TOMORROW: Coming for the rest.

Monday, December 21, 2020

“I believe they are a smuggling”

With less than two weeks left in 2020, there are still some significant events in 1770 that I missed discussing on their Sestercentennials, so I’m trying to catch up.

The first of those events took place on 18 May and centered on Owen Richards, a Customs service tide waiter. I traced Richards’s arrival in Boston from Wales, work as a ship’s rigger and auctioneer, and entrance into the Customs service in this post.

That set the stage for his role in the tussle over John Hancock’s ships Lydia and Liberty in 1768. Bostonians didn’t forget Customs men whom they perceived as having overstepped their authority.

On 7 Apr 1770, Richards had to put up a £100 bond to be released from magistrates’ custody. That was the same day that Edward Manwaring, John Munro, and Hammond Green put up much larger bonds after being indicted for participating in the Boston Massacre. I don’t know if the cases were linked, but many locals saw all Customs men as conspiring against the town.
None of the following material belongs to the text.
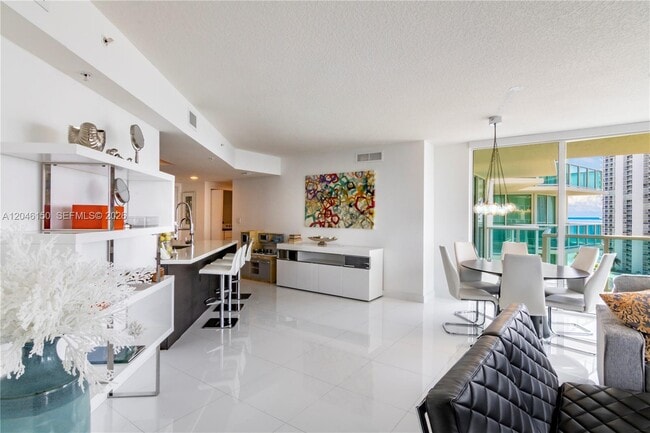 Building Photo - 150 Sunny Isles Blvd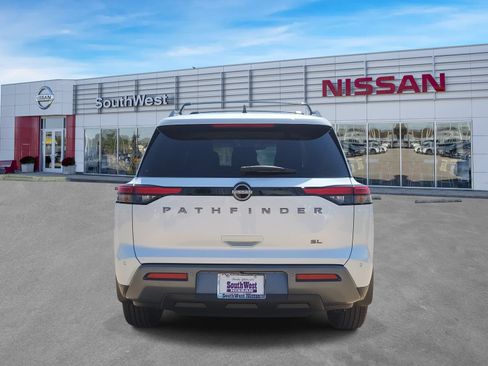 New 2026 Nissan Pathfinder SL w/ Cargo Package FWD image 6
Here is Richards’s own description of what happened on 18 May, from a collection at Harvard’s Houghton Library. At about 1:00 P.M., Richards and another Customs man named John Woart were standing on the deck of the schooner Success, making sure nothing was secretly unloaded from it.
John Woart being on Deck,…he did say to me, Richards look over to Greens Wharf, there is a Schooner hoisting out goods: I believe they are a smuggling;

I desired that we would go over, and see what they are about: he answered I will go over, come along with me. I followed him, stepping over the two Vessels that lay in the dosk, which brought us on Greens Wharf—
The Customs men moved from one ship to another by walking across other ships moored between them. That was how close the wharves were in that central area near Long Wharf, and how many ships were in the harbor at the height of the year.
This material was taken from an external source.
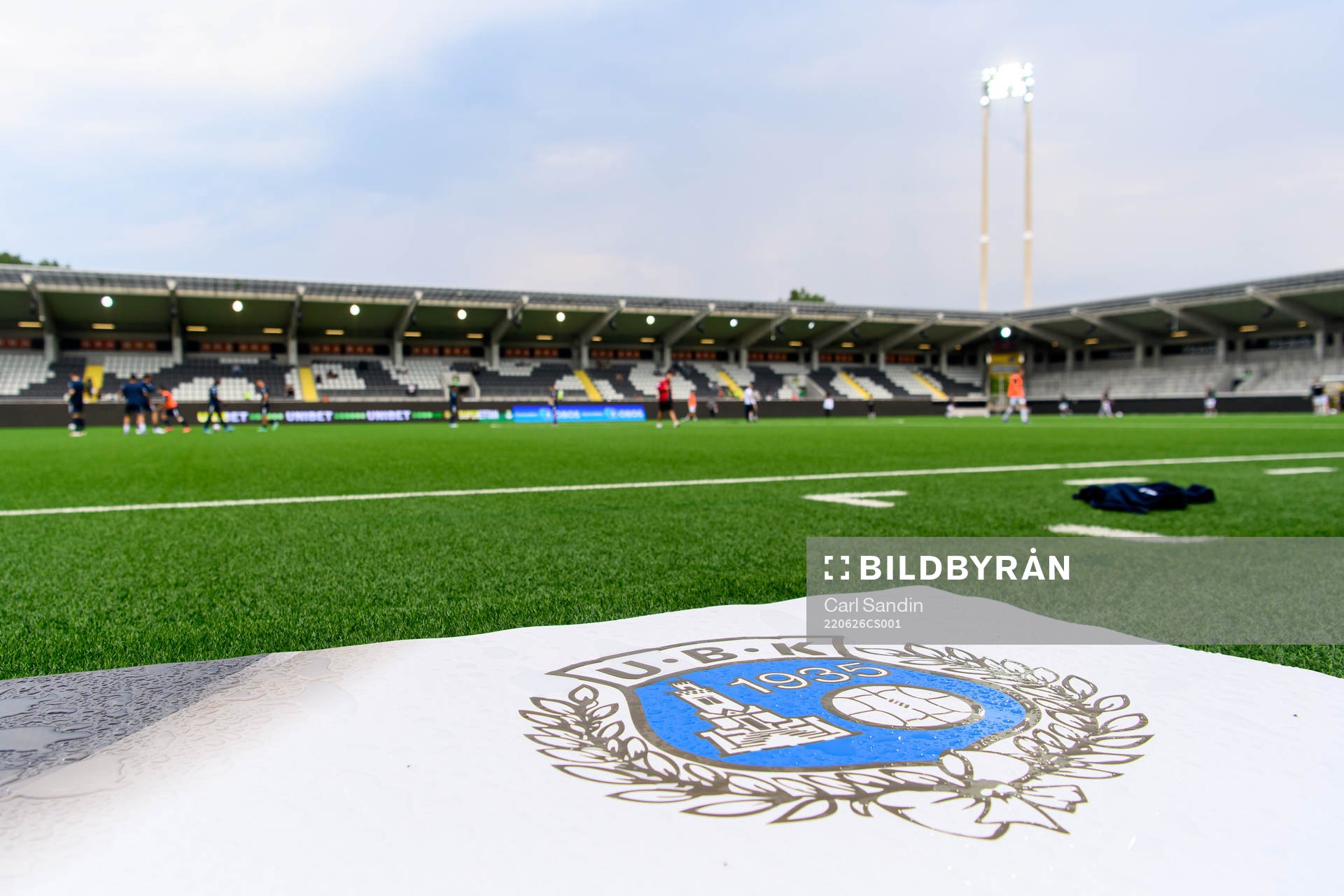 Ursiktens klubbmärke på en banderoll inför fotbollsmatchen i Superettan mellan Utsikten och Brage den 26 juni 2022 i Göteborg.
Woart had turned thirty the year before while Richards was probably in his late forties and didn’t move so fast. According to Woart, he reached the schooner being unloaded and asked for the master. A man “sitting on a Sparr by a Store alongside the Vessel” stood up and said, “I suppose you are a Custom house Officer.” This was the captain, Silvanus Higgins.

Back to Richards:
John Woart was alongside the schooner before me, and Inquired where they came from, and if they had a permit to unload:

the master answered, that he came from New London, and that he had a permit.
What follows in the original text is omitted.